In the copy, keep every word of the data below and none of its pictures.

→ Provided material:
##############################

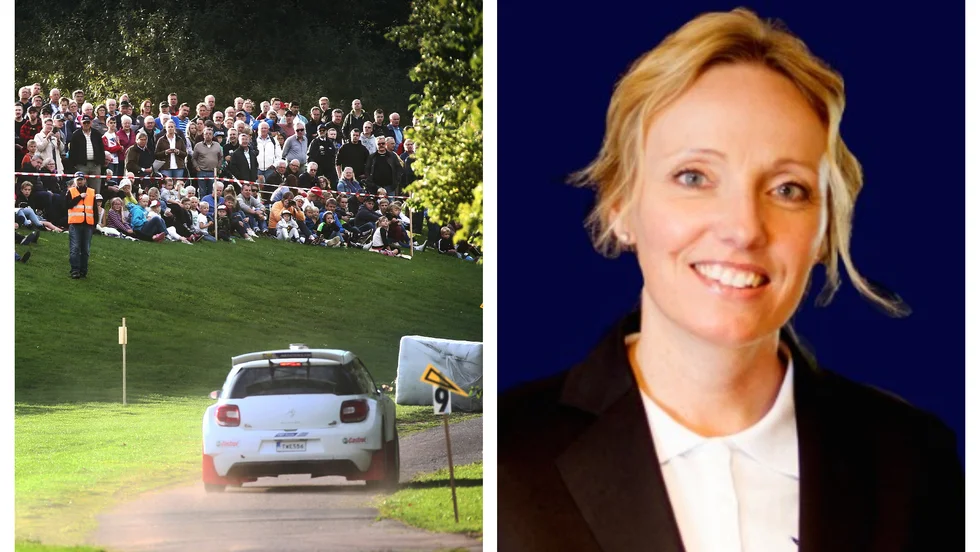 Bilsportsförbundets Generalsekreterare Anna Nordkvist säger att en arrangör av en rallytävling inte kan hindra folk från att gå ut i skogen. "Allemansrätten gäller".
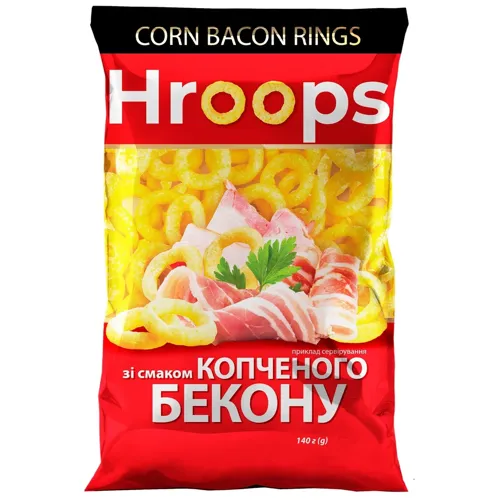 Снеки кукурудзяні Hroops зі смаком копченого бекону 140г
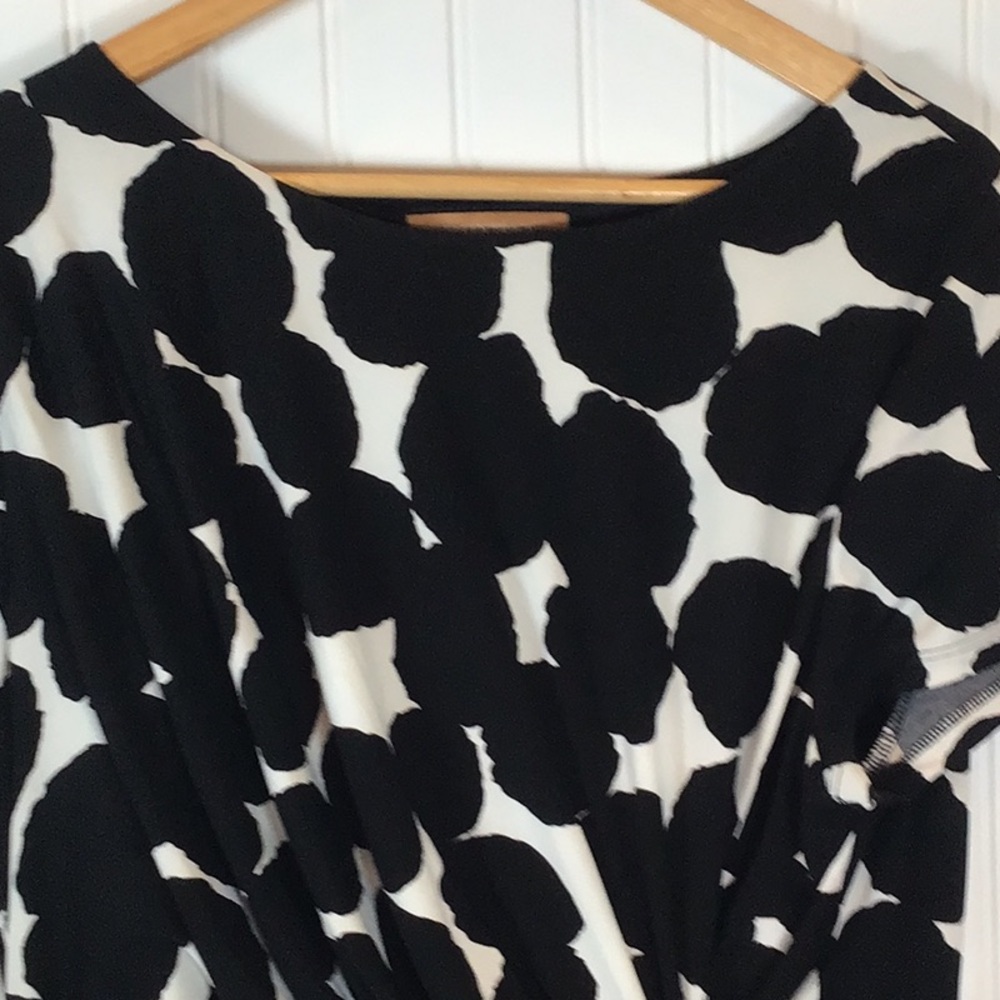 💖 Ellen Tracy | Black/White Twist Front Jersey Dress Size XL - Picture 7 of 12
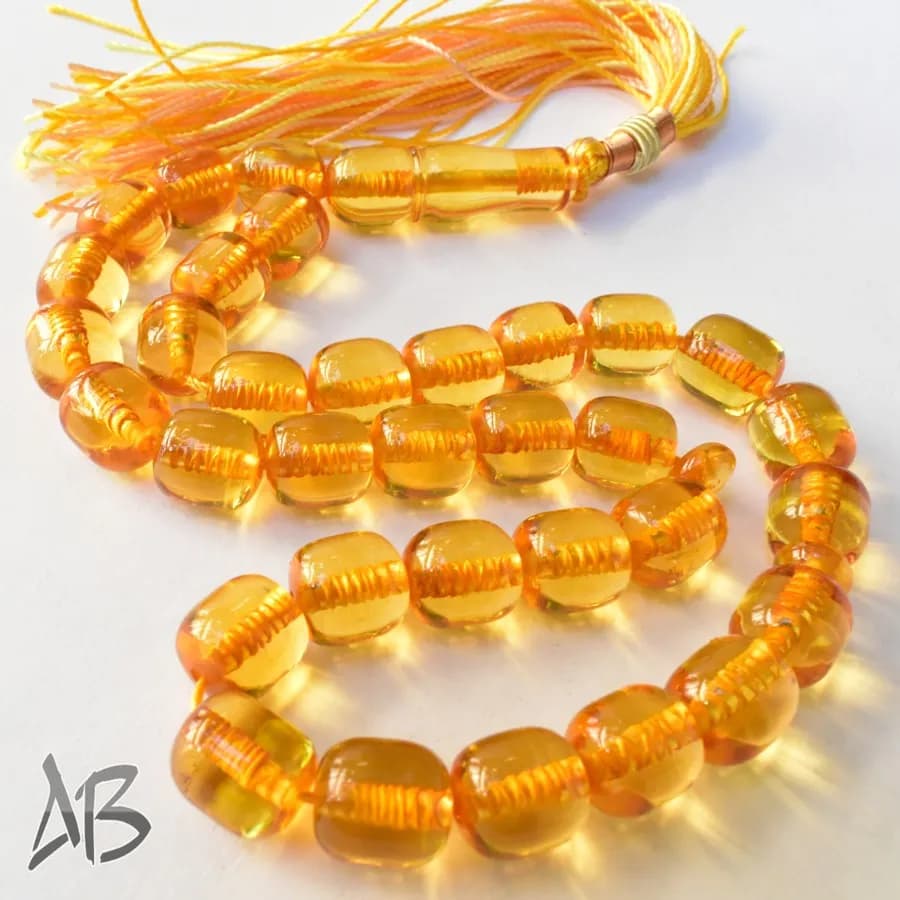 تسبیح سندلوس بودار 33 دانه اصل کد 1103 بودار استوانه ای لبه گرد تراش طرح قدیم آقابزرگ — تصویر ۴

##############################

→ Solution for this exercise:
 Bilsportsförbundets Generalsekreterare Anna Nordkvist säger att en arrangör av en rallytävling inte kan hindra folk från att gå ut i skogen. "Allemansrätten gäller".
 Снеки кукурудзяні Hroops зі смаком копченого бекону 140г
 💖 Ellen Tracy | Black/White Twist Front Jersey Dress Size XL - Picture 7 of 12
 تسبیح سندلوس بودار 33 دانه اصل کد 1103 بودار استوانه ای لبه گرد تراش طرح قدیم آقابزرگ — تصویر ۴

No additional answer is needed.